There is no tree at all, there is just a single root, and there is no root cp value just Inf. Since there are no splits and just a root, this means that all of the predicted value will be the same number.
## plot the cv error curve for the tree.. and visualizes the cross-validation results
plotcp(fit)
printcp(fit)
##
## Regression tree:
## rpart(formula = Credit.Limit ~ ., data = training_data, method = "anova")
##
## Variables actually used in tree construction:
## character(0)
##
## Root node error: 2.1065e+14/70006 = 3009088678
##
## n= 70006
##
## CP nsplit rel error xerror xstd
## 1 0.00013756 0 1 0 0
summary(fit)
## Call:
## rpart(formula = Credit.Limit ~ ., data = training_data, method = "anova")
## n= 70006
##
## CP nsplit rel error xerror xstd
## 1 0.0001375629 0 1 0 0
##
## Node number 1: 70006 observations
## mean=104847.4, MSE=3.009089e+09
par(mfrow=c(1,2)) # two plots on one page
rsq.rpart(fit)
##
## Regression tree:
## rpart(formula = Credit.Limit ~ ., data = training_data, method = "anova")
##
## Variables actually used in tree construction:
## character(0)
##
## Root node error: 2.1065e+14/70006 = 3009088678
##
## n= 70006
##
## CP nsplit rel error xerror xstd
## 1 0.00013756 0 1 0 0
# create attractive postcript plot of tree
plot(fit, uniform=TRUE,
main="Regression Tree for Mileage ")
## Error in plot.rpart(fit, uniform = TRUE, main = "Regression Tree for Mileage "): fit is not a tree, just a root
text(fit, use.n=TRUE, all=TRUE, cex=.8)
## Error in text.rpart(fit, use.n = TRUE, all = TRUE, cex = 0.8): fit is not a tree, just a root
post(fit, title = "Regression Tree for Credit Limit ")

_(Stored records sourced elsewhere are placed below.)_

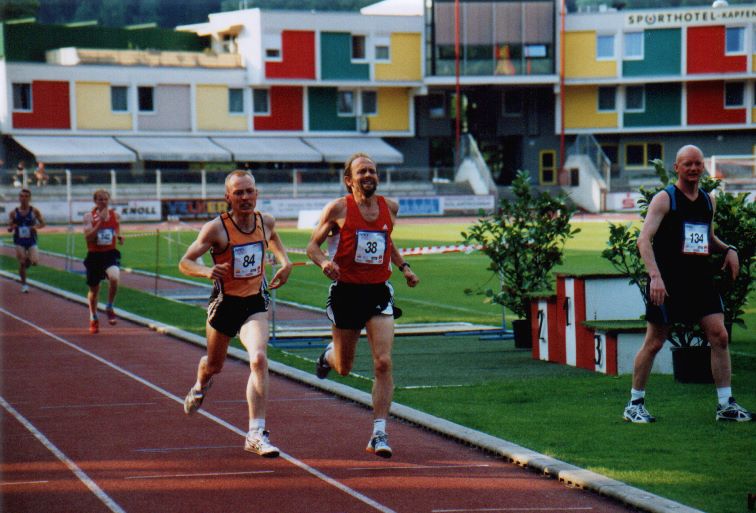 2003/800/g05.jpg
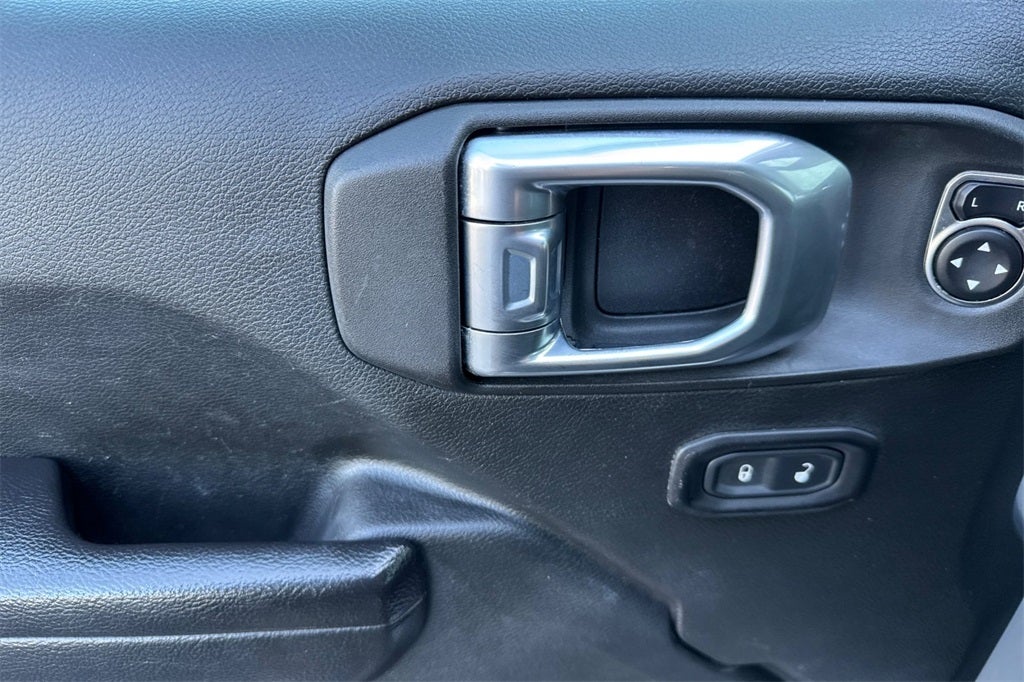 2023 Jeep Wrangler Willys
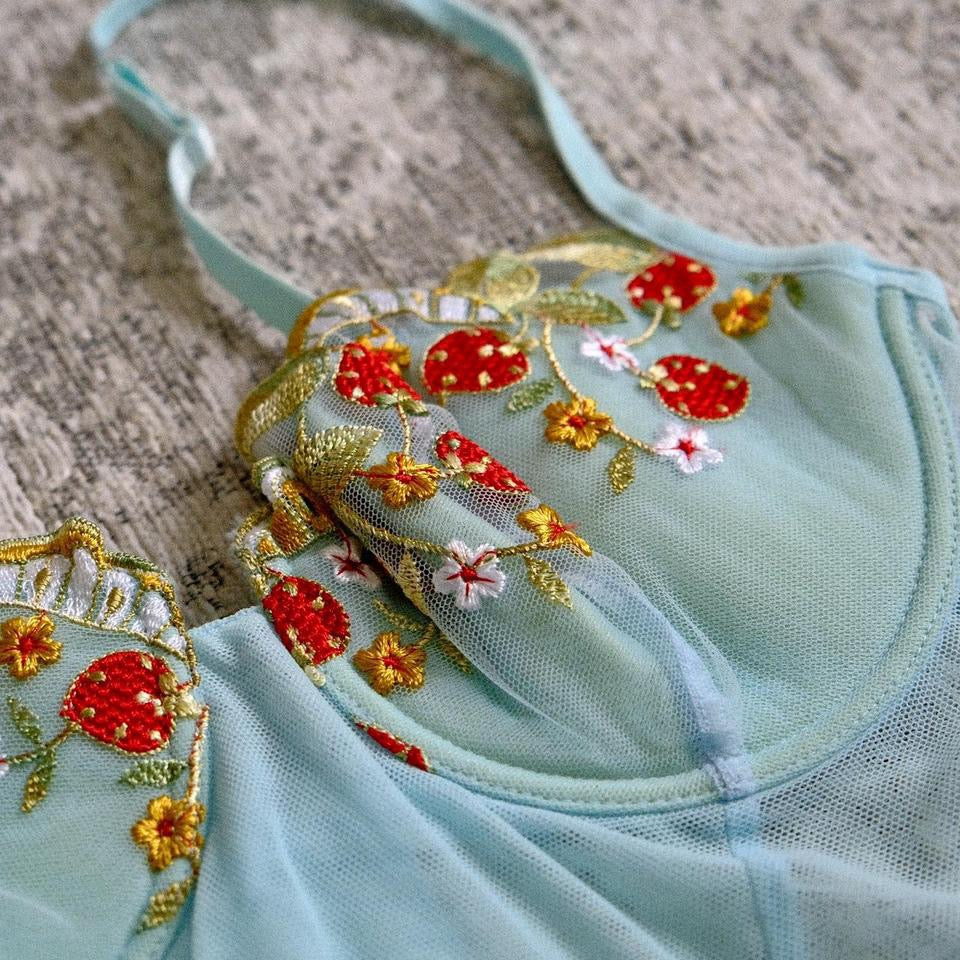 Srawberry skies corset (80B/36B)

## Error in plot.rpart(tree, uniform = TRUE, branch = 0.2, compress = TRUE, : fit is not a tree, just a root
The predictions are all just a single value here
# Create predictions using the decision tree..

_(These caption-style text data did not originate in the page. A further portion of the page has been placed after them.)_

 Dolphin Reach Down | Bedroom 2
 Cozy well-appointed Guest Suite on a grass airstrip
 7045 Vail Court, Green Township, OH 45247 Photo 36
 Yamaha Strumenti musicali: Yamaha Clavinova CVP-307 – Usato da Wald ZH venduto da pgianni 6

predictions1 <- predict(fit,newdata = testing_data)
head(predictions1)
## [1] 104847.4 104847.4 104847.4 104847.4 104847.4 104847.4
RMSE(predictions1,testing_data$Credit.Limit)
## [1] 54977.27
Like before, this dataset is just a larger variant of the smaller dataset I got from ExcelBi Analytics I had hoped that perhaps the model would improve since there is a lot more observations contained in the dataset. But alas,this doesn’t not appear to be the case. As the data suffers from multicollinearity,the more observations seems to make the RMSE and the predictions even worse. We can see within the decision tree algorithm that a single tree hasn’t been created and all of the predictions are all the same. This tells me that the data quality within the dataset is poor since the predictions themselves are terrible and so was the model fit. Perhaps next time, I may create better predictors such as income,amount of credit cards,whether the user has a loan or not. If I would attempt to collect data such as this. This dataset merely contained predictors that were related to each other which made it really difficult to explain the variance in the data and hard to predict credit limit.